金色财经
金色财经|Jul 08, 2026 06:23
[Japanese Bond Yields Hit 30-Year High, Market Wary of Worsening Debt Cycle] Reported by Golden Finance, on July 8, the continued depreciation of the yen combined with a massive long-term fiscal spending plan has raised global investors' concerns about the repayment pressure on Japanese government debt, leading to a sharp rise in overall domestic financing costs in Japan. This year, Japanese government bonds have faced large-scale sell-offs, with the benchmark 10-year government bond yield climbing above 2.85%, marking the highest level in 30 years since 1996. The market generally attributes this round of long-term bond declines to Prime Minister Sanae Takaichi's introduction of a 14-year fiscal expansion plan totaling $2.3 trillion. In addition, doubts about the pace of the Bank of Japan's policy adjustments have also weighed on bond prices: the Bank of Japan only raised its policy rate to 1% last month, and investors are concerned that the central bank's delayed tightening measures could lead inflation to exceed the official control target of 2%. Alex Everett, Investment Director at Abrdn, analyzed that the Bank of Japan's conservative stance on subsequent rate hikes, the long-term weakening of the yen, and the market's pessimistic expectations for fiscal sustainability have collectively amplified the downward pressure on long-term government bonds.

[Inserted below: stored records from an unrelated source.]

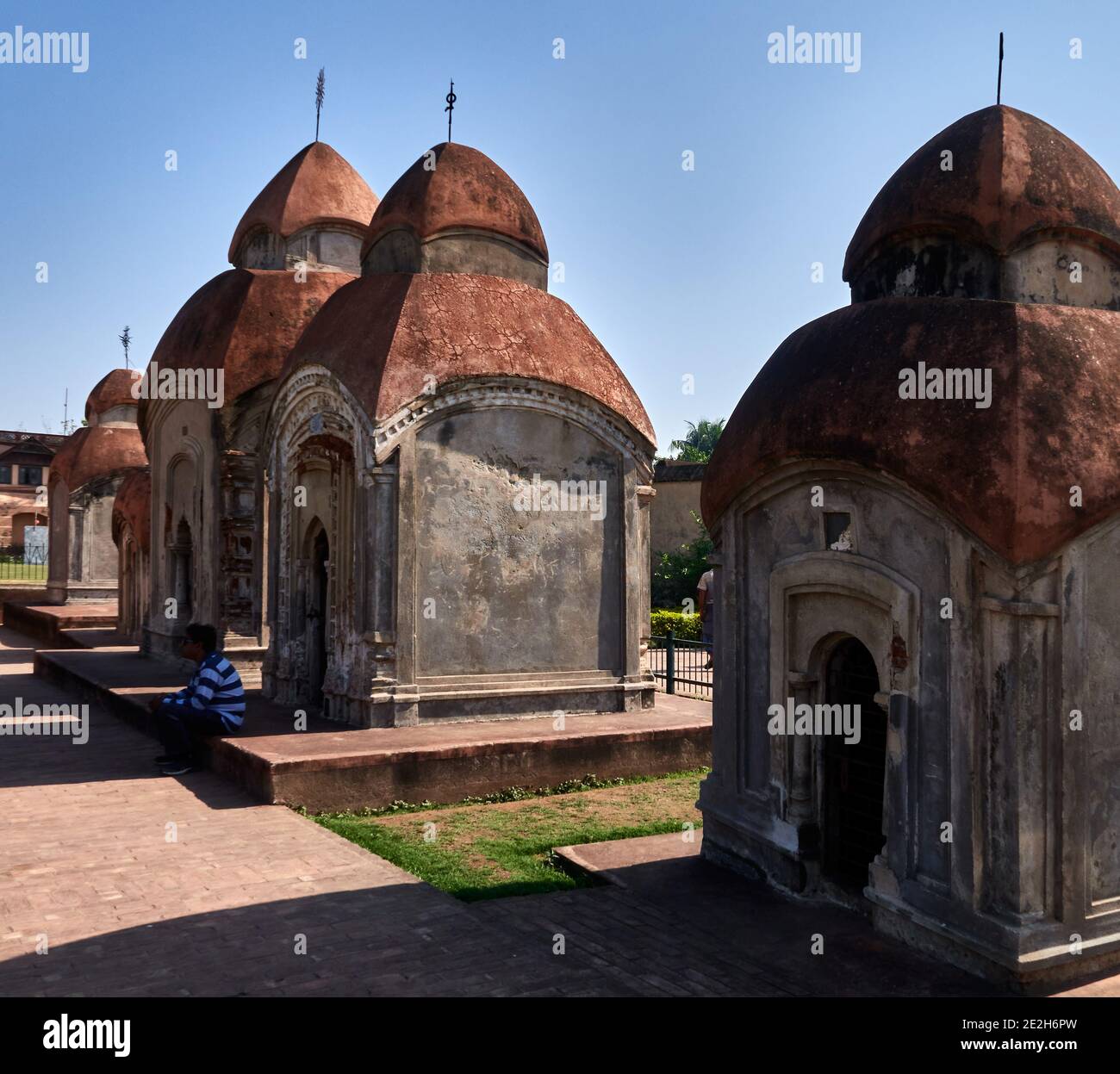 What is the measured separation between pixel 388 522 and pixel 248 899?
4.61 meters

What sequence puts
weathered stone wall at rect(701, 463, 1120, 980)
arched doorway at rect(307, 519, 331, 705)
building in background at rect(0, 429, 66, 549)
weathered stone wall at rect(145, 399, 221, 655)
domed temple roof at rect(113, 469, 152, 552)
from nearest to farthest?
weathered stone wall at rect(701, 463, 1120, 980) < arched doorway at rect(307, 519, 331, 705) < weathered stone wall at rect(145, 399, 221, 655) < domed temple roof at rect(113, 469, 152, 552) < building in background at rect(0, 429, 66, 549)

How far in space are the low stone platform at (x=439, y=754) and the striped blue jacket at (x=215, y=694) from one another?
9.5 inches

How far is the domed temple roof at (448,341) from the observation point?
10312mm

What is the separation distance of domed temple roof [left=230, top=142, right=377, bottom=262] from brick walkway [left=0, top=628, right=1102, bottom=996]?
1059 centimetres

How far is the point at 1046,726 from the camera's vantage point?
4.66m

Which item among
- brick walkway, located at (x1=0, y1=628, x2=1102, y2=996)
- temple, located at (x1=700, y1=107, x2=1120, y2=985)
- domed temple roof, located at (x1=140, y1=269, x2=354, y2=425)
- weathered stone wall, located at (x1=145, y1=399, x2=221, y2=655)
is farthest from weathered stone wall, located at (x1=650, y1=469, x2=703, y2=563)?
temple, located at (x1=700, y1=107, x2=1120, y2=985)

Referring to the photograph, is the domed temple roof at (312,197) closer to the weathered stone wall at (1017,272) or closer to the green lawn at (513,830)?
the green lawn at (513,830)

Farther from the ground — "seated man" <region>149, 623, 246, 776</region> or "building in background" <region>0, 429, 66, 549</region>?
"building in background" <region>0, 429, 66, 549</region>

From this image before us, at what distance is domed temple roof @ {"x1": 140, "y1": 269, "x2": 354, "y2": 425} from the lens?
14680 mm

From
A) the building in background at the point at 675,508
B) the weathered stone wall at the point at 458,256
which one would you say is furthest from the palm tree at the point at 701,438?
the weathered stone wall at the point at 458,256

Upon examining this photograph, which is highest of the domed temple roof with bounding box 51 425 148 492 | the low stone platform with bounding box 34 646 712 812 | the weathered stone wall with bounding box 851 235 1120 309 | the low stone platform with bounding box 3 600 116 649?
the domed temple roof with bounding box 51 425 148 492

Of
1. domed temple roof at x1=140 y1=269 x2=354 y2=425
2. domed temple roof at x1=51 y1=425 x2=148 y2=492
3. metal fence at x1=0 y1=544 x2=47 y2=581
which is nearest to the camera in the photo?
domed temple roof at x1=140 y1=269 x2=354 y2=425

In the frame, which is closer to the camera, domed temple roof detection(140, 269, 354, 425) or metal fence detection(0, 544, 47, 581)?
domed temple roof detection(140, 269, 354, 425)

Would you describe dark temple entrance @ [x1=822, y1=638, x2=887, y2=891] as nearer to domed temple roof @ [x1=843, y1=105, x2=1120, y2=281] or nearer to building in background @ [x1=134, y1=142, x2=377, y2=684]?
domed temple roof @ [x1=843, y1=105, x2=1120, y2=281] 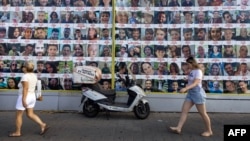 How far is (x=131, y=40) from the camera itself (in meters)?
9.93

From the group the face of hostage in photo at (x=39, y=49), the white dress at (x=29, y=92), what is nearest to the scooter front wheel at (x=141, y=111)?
the white dress at (x=29, y=92)

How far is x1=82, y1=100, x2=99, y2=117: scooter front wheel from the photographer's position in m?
9.27

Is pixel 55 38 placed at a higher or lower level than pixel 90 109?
higher

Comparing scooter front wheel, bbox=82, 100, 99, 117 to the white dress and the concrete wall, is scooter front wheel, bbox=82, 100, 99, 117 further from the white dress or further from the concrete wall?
the white dress

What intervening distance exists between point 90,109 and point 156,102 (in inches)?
67.1

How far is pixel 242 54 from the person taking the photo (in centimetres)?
983

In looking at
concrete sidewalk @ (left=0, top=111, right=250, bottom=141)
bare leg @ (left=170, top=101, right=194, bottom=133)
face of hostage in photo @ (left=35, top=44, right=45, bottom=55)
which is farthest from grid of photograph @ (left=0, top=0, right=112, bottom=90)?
bare leg @ (left=170, top=101, right=194, bottom=133)

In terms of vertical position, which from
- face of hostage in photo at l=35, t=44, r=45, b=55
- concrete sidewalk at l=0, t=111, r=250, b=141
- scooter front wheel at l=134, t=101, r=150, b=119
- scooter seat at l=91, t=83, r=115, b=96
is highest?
face of hostage in photo at l=35, t=44, r=45, b=55

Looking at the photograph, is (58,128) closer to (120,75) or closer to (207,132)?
(120,75)

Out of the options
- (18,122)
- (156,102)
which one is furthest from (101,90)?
(18,122)

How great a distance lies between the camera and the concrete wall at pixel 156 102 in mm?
9812

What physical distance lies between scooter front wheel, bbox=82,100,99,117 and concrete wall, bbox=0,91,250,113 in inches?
24.8

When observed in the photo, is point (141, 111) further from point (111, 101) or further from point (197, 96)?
point (197, 96)

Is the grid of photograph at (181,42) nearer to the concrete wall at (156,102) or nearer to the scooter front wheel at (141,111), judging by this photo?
the concrete wall at (156,102) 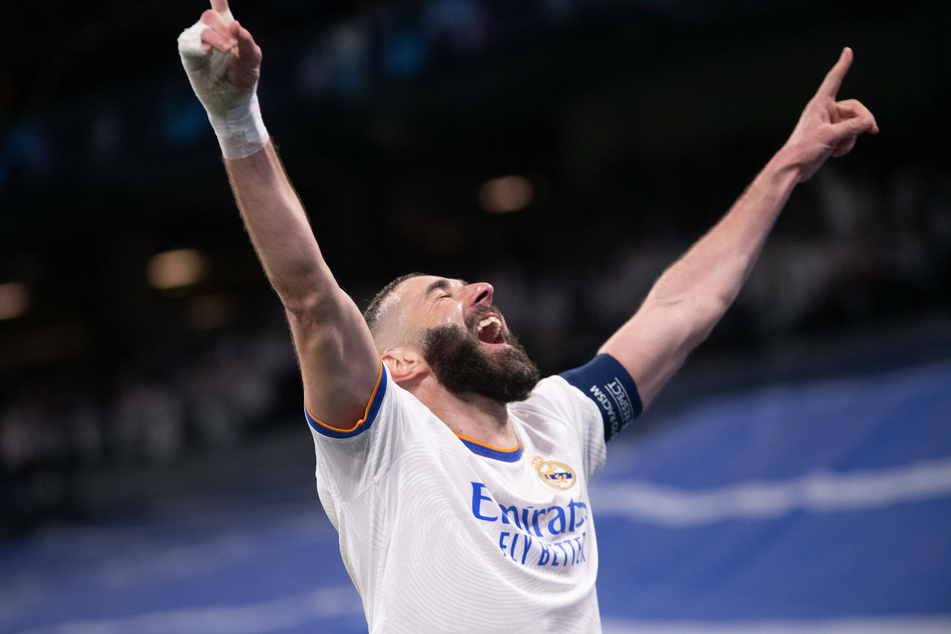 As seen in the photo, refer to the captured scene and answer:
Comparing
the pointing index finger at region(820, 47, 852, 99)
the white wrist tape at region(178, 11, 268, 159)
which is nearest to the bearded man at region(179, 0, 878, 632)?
the white wrist tape at region(178, 11, 268, 159)

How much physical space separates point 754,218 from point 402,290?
3.54 feet

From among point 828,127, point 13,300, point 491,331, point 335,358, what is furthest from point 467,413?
point 13,300

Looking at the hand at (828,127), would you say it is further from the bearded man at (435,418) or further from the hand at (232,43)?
the hand at (232,43)

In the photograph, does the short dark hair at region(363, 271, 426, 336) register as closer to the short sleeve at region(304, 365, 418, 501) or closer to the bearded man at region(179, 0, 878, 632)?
the bearded man at region(179, 0, 878, 632)

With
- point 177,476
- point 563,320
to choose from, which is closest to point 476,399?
point 563,320

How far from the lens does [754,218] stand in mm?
2465

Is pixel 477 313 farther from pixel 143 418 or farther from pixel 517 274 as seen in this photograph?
pixel 143 418

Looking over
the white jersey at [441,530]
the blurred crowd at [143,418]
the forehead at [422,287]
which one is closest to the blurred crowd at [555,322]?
the blurred crowd at [143,418]

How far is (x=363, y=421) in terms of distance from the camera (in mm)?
1662

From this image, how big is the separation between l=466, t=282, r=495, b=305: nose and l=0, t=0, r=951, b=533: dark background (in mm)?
3929

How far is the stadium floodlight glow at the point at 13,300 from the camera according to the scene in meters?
17.4

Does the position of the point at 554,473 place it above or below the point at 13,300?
above

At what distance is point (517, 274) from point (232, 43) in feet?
25.5

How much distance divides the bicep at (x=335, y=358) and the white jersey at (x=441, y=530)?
0.03m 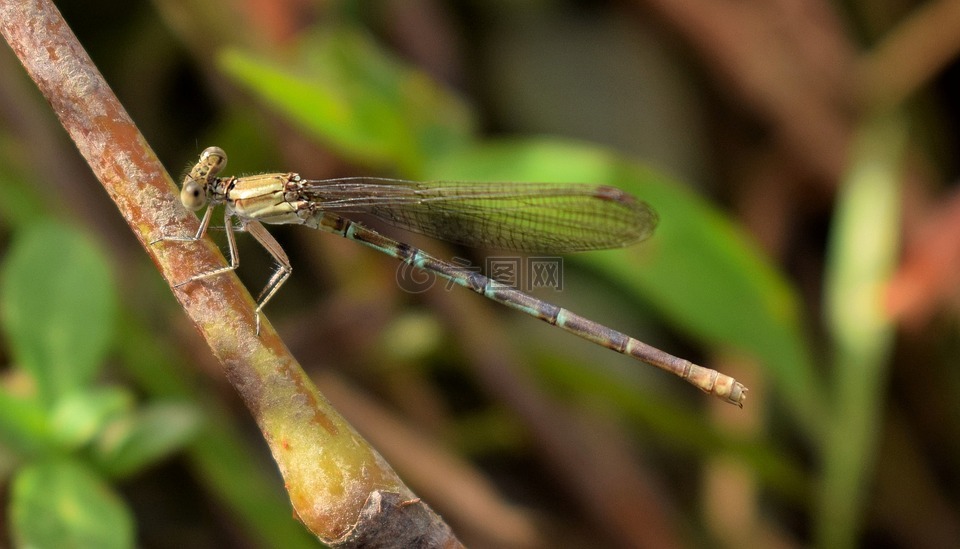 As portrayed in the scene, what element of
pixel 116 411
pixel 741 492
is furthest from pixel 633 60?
pixel 116 411

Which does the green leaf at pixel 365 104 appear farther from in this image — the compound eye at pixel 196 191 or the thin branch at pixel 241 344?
the thin branch at pixel 241 344

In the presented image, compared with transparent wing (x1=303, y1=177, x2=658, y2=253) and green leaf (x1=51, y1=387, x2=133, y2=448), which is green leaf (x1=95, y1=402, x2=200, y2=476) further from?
transparent wing (x1=303, y1=177, x2=658, y2=253)

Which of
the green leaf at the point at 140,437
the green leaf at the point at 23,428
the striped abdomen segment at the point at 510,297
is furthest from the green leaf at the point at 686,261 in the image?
the green leaf at the point at 23,428

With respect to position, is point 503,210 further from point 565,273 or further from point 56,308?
point 56,308

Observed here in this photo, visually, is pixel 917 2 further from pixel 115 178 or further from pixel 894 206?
pixel 115 178

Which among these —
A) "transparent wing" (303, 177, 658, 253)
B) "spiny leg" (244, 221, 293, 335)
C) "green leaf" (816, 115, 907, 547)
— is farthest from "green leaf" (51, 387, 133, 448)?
"green leaf" (816, 115, 907, 547)

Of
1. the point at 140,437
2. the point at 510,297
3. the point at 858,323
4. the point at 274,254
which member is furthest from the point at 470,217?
the point at 858,323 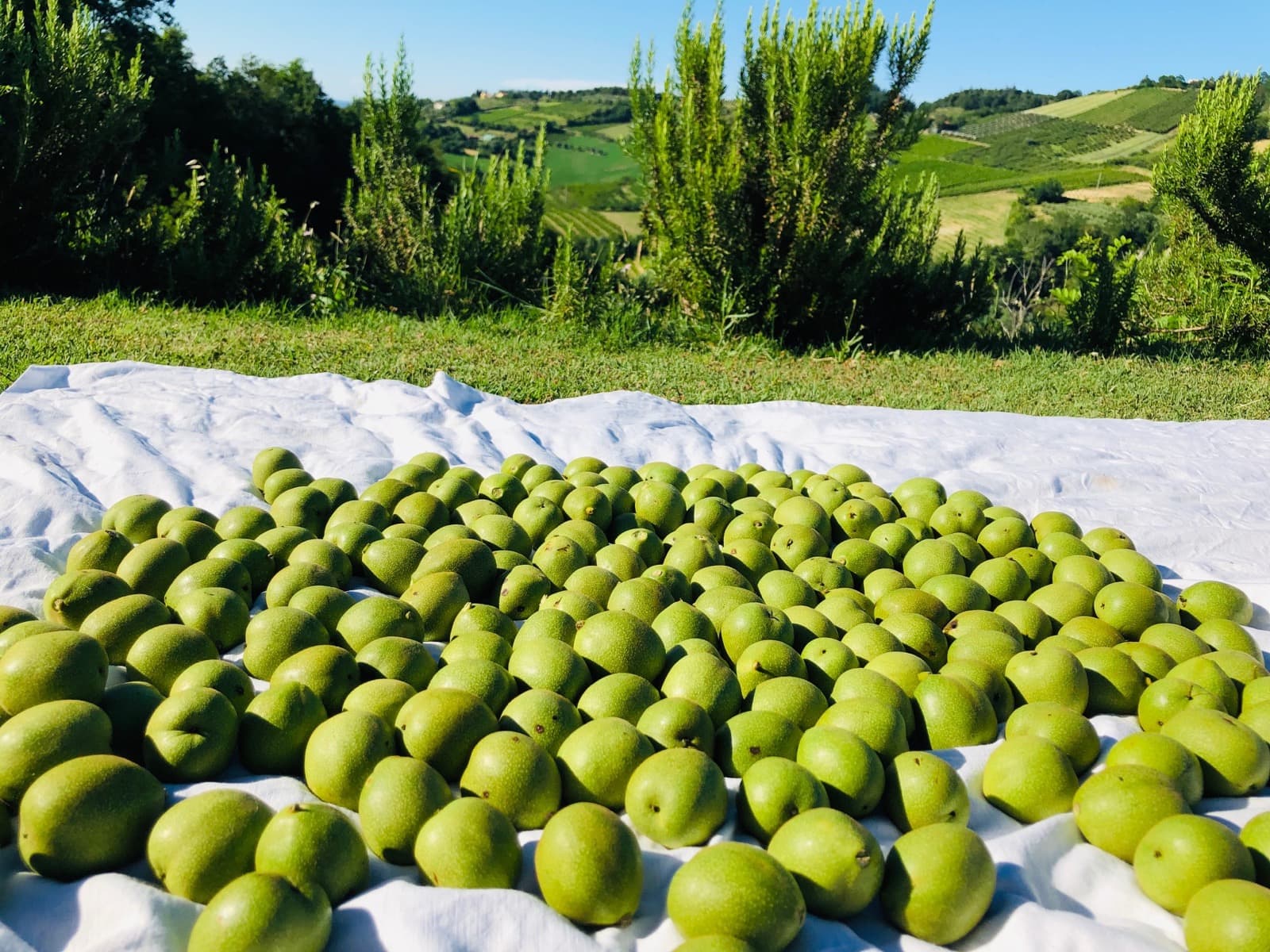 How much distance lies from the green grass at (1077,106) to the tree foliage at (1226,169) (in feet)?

Concerns about forward debt risks are directly reflected in the term spread: the yield premium of 10-year bonds relative to 2-year bonds has expanded from less than 1 percentage point in April to the current 1.4 percentage points. In contrast, major bond markets such as the U.S. and Germany have seen their long-short end spreads remain flat or even narrow during the same period, highlighting the independent downward trend in Japan's bond market.